David Bowie’s iconic album, Hunky Dory was released 45 years ago today on 17th December 1971.
For some, nothing in 2016 will come close to the tragedy that was the death of David Bowie. Polymath, jack-of-all-trades, artisan and master of his craft, Bowie was a musician and showman in ways that most singer/songwriters can only dream of being. And while the man may have passed on, his artistry will live forever. Hunky Dory serves as a perfect example of this.
Hunky Dory is probably best known for the iconic track, ‘Life on Mars?’, which was described once as “a cross between a Broadway musical and a Salvador Dalí painting” and is arguably Bowie’s best song, but in truth there is so much more to the singer’s fourth studio album. Written in celebration of the birth of his son Duncan Jones (yes, the same Duncan Jones behind Moon, Source Code and Warcraft), Hunky Dory is an intricate and perfectly-realised collection of songs about youth, rebellion and fatherhood. Containing Bowie’s signature sense of surreality and spanning multiple genres, the album contains some of his best and most varied work, from folk with tracks like ‘Kooks’ and ‘Oh! You Pretty Things’ to glam rock with ‘Changes’ and ‘Queen Bitch’.
Although Bowie’s fourth offering did not manage to hit no. 1 in the UK charts (it peaked at no. 3), and with ‘Life on Mars’ also only reaching that level, the album achieved Platinum status on 25th January 1982. Hunky Dory was also incredibly well received by the critics, with Spin, Rolling Stone and All Music all giving the album the maximum 5 stars. The album received further acclaim in 2010 when Time selected it as part of their ‘100 Best Albums of All Time’.

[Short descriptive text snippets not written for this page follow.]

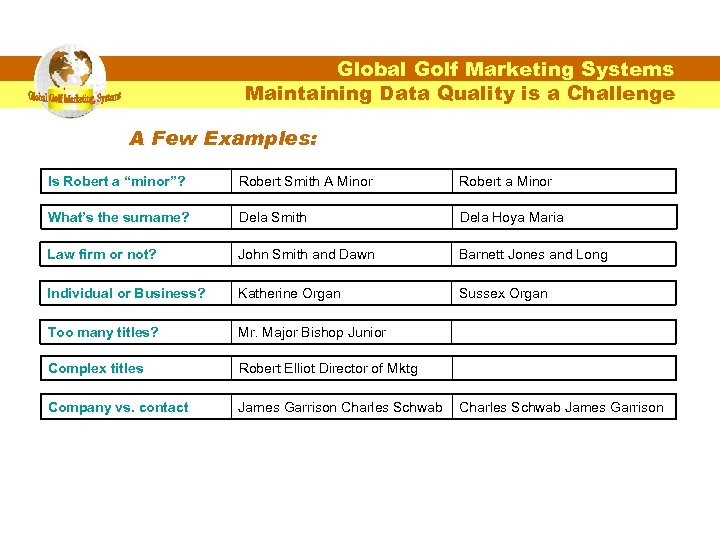 Global Golf Marketing Systems Maintaining Data Quality is a Challenge A Few Examples: Is
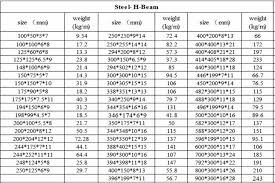 Efficient Wide Flange Beam Size Chart Wide Flange Beam Chart Pdf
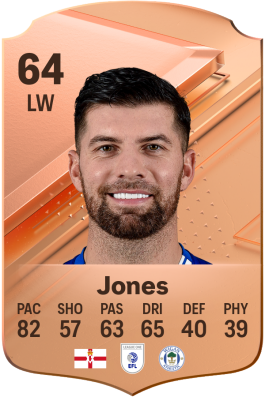 Jordan Jones EA FC 24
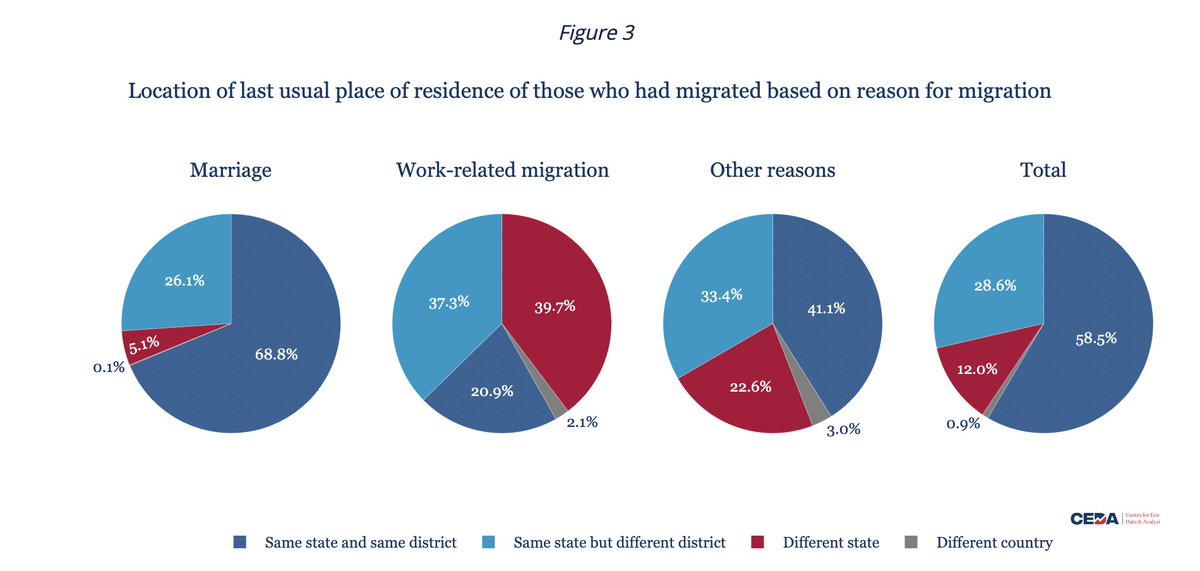 #DidYouKnow? A large share of people who have migrated within India, migrate within the same district, and few move to a different state. But this varies a lot based on the reason for which one had migrated. 👇👇 Read our full analysis here: ceda.ashoka.edu.in/how-india-move…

Considering that Bowie’s next album was The Rise and Fall of Ziggy Stardust, the fact that Hunky Dory is still remembered with the same level of admiration is testament to Bowie’s consistent quality. That even in the face of some of the tracks on Ziggy Stardust, there’s material on each of his albums to rival those and then some. Or, as Bowie would (and indeed did) say: “make way for the homo superior!”